Nevertheless, trend lines are clear; there will be a securitization marketplace in the future, but the rules of necessity will make it much smaller than in the past: “Not everyone thinks this is a terrible idea. Anders Maxwell, a managing director at investment bank Peter J. Solomon Co., says that the re-emergence of securitization in any strong form would be ‘really shocking.’ He argues that over the years securitization created a system where actual lenders to many credit card users, home-buyers and even corporate high-yield borrowers were not banks themselves but investors in the securities, including insurance companies, foreign banks, pension funds and, in increasing numbers, hedge funds.
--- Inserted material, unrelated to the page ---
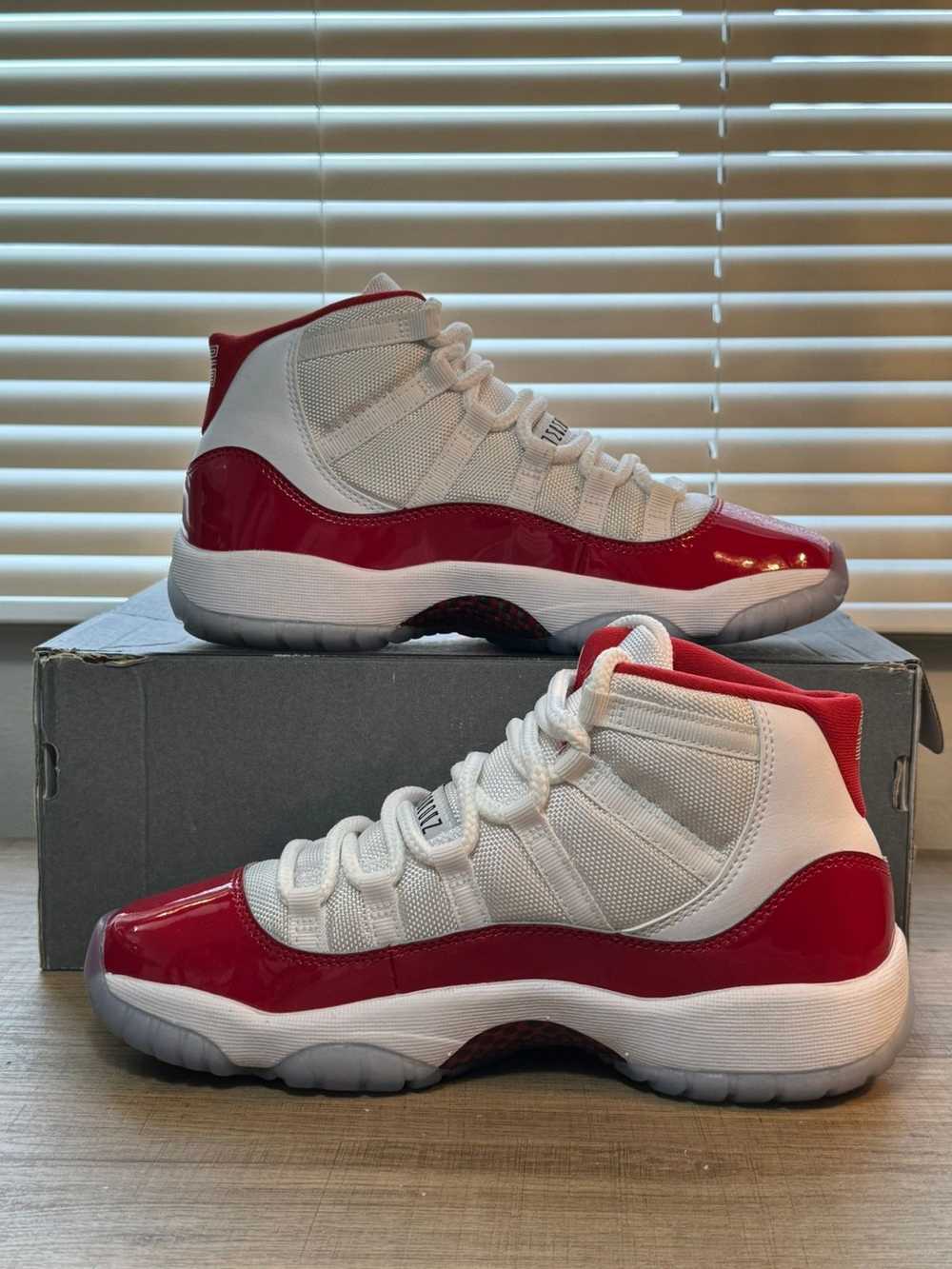 Jordan Brand Retro 11 low Cherries🍒 - image 3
This is the much-­derided ‘shadow banking system’ that until recently existed largely out side regulators' purview. ‘It's a completely unregulated market,’ says Maxwell. ‘And it's proven to be a disaster.’” The Deal.com (March 8th)

As the government literally works at cross-purposes against itself, there will be movement in that pendulum, from way-overleveraged unrealistic “too big to fail” assumptions to a shriveling up of the entire lending structure. We will wind up in the middle… until Wall Street finds another bubble cow to milk!

I’m Peter Dekom, and this is really complicated stuff!